Will Democrats Win the Turnout War?

(Christopher Millette/Erie Times-News via AP)

Shirley Brozell holds a sign near a voter-registration booth in Erie, Pennsylvania, on National Vote Registration Day, September 25, 2018.

Midterm elections for the House are usually major defeats for the party of a newly elected incumbent president, and that bodes poorly for Trump and the Republicans, right? Well, sort of. But there are lots of crosscurrents that could swamp this basic rule of American politics.

For starters, Trump is no ordinary Republican president. He is unpopular in the country as a whole, but wildly popular among his base. More than most presidents, Trump is trying to turn the midterms into a referendum on himself.

Normally, that would be a dubious idea for a president whose popularity has never broken 50 percent. But it’s probably a smart idea for the Republicans this year, since it could spike the crucial variable of Republican turnout.

Turnout in midterms invariably falls relative to presidential elections. But it doesn’t fall uniformly. Other things being equal, Republicans tend to vote in midterms at higher percentages than Democrats.

That’s why the recent Democratic losses in a new president’s first midterm elections have been absolute blowouts—they lost 63 seats in 2010 under Obama and 52 seats in 1994 under Clinton—while in 2006, the sixth year of an increasingly unpopular Bush presidency, the GOP lost a relatively mild 30 seats. In 2002, in Bush’s first midterm, thanks to his use of the attacks of September 11 to rally the flag, Republicans actually gained eight seats.

Here is one statistic that should chill Democrats: In the 2014 midterms, according to political scientist Andrew Hacker, just under 36 million Democrats turned out to vote in the House elections. That was a drop of more than 33 million from the 2012 presidential election when Barack Obama was re-elected.

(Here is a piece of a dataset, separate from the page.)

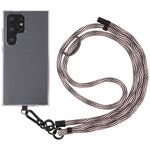 Cordino a tracolla in nylon con catena da collo anti-smarrimento per telefono con trama S da 8 mm, lunghezza regolabile: circa 75-135 cm (nero rosa)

By contrast, more than 40 million Republicans showed up that year to vote for House seats, a drop of just 22 million from the presidential year of 2016. That was 11 million fewer stay-at-home Republican voters than their Democratic counterparts.

If the Democratic and Republican fall-off in 2014 from 2012 had been roughly the same, Democrats would have gained House seats. In fact, they lost 13 seats.

Why do Democrats tend to stay home in greater numbers in midterms than Republicans? One reason is that presidential years, especially when the candidate is a galvanizing figure like Barack Obama, tend to attract voters from demographic groups who are more loosely attached to the electorate, such as young, black, and Latino voters. Those voters tend to drop off in midterms.

So the $64 million question for 2018 is whose core voters will turn out in greater numbers—the hard-core Trump voters, or liberal voters, especially women, minorities, and young people, appalled by everything Trump stands for, most recently the party-line vote to confirm Brett Kavanaugh for the Supreme Court and the appalling treatment of Dr. Christine Blasey Ford.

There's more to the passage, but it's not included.